In each of his findings of fact the trial court cited references to the record in support thereof.
This Court is bound by the findings of fact of the trial court unless they are clearly erroneous and it appears that the court has made a mistake. Rule 52 (a), Federal Rules of Civil Procedure, 28 U.S.C.A.; McAllister v. United States, 1954, 348 U.S. 19, 20, 75 S.Ct. 6, 99 L.Ed. 20; United States v. United States Gypsum Co., 1948, 333 U.S. 364, 395, 68 S.Ct. 525, 92 L.Ed. 746.
A review of the evidence with respect to this issue convinces us that the findings of fact of the trial court were not clearly erroneous.
U. M. W. contends that neither the truck drivers nor the sublessee mine operators were "neutral" employees within the meaning of the Act; that their relationship was not that of at arm's length which usually exists between employers and there was not a complete interdependence of operations. It relies chiefly on Local No. 24, International Brotherhood of Teamsters etc. v. N. L. R. B., 1959, 105 U.S.App.D.C. 271, 266 F.2d 675.
This is essentially a question of fact. As before stated, the trial court found that Osborne did not control either the secondary employers or their employees. The truck owners did not haul exclusively for Osborne.
While prior to the Taft-Hartley amendments of 1947, the employees of the lessee mine operators and truckers would have been considered as employees of Osborne (In the Matter of A. M. Greene, 49 N.L.R.B. 146), the effect of the amendments is not to so regard the employees of independent contractors, 29 U.S.C.A. § 152(3).
In the Teamsters case, supra, relied upon by defendants, the truck owners' (lessors') employees were deemed to be employees of the transportation company (lessee) because of the control exercised over them by the latter. The transportation company (lessee) was not an independent contractor. As stated by the court [105 U.S.App.D.C. 271, 266 F.2d 680]:
"The many tiny strands of Ace (lessee) control over these drivers cannot be extricated from the total fabric of mutual obligation. Those strands are clearly part of the pattern of the employer-employee relationship."

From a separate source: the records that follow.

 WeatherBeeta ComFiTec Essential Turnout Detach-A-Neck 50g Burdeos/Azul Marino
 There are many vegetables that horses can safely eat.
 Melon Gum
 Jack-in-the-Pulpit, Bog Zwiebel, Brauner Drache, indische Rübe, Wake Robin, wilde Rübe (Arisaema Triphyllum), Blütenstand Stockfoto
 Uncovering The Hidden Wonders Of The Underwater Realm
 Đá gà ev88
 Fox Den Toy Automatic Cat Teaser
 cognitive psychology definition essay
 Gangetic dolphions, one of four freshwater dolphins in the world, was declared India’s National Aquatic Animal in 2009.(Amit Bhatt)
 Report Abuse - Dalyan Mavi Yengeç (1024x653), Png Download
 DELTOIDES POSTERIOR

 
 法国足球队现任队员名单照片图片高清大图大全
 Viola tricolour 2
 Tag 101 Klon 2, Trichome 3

In the case at bar the strands of control referred to in the Teamsters case were not present, and the evidence supports the findings of the trial judge as to the existence of the independent contractor relationship.
Defendants assert that the District Court did not have jurisdiction to determine whether the evidence material to the federal cause of action also established a violation of the common law of Tennessee.
The case of United Mine Workers of America v. Meadow Creek Coal Co., 6 Cir., 1959, 263 F.2d 52, certiorari denied 1959, 359 U.S. 1013, 79 S.Ct. 1149, 3 L.Ed.2d 1038, supports the jurisdiction of the District Court to consider and determine the common law claim where it is joined with the federal claim and is supported by the same evidence. Hurn v. Oursler, 1933, 289 U.S. 238, 53 S.Ct. 586, 77 L.Ed. 1148. We are asked to reconsider our decision in Meadow Creek. We feel this case was correctly decided. Judge Martin in his opinion said [263 F.2d 60]:
"* * * We think that this case presents only a single cause of action; that the claim of secondary boycott and unlawful conspiracy are not separate causes of action, but merely different grounds to support a single cause of action."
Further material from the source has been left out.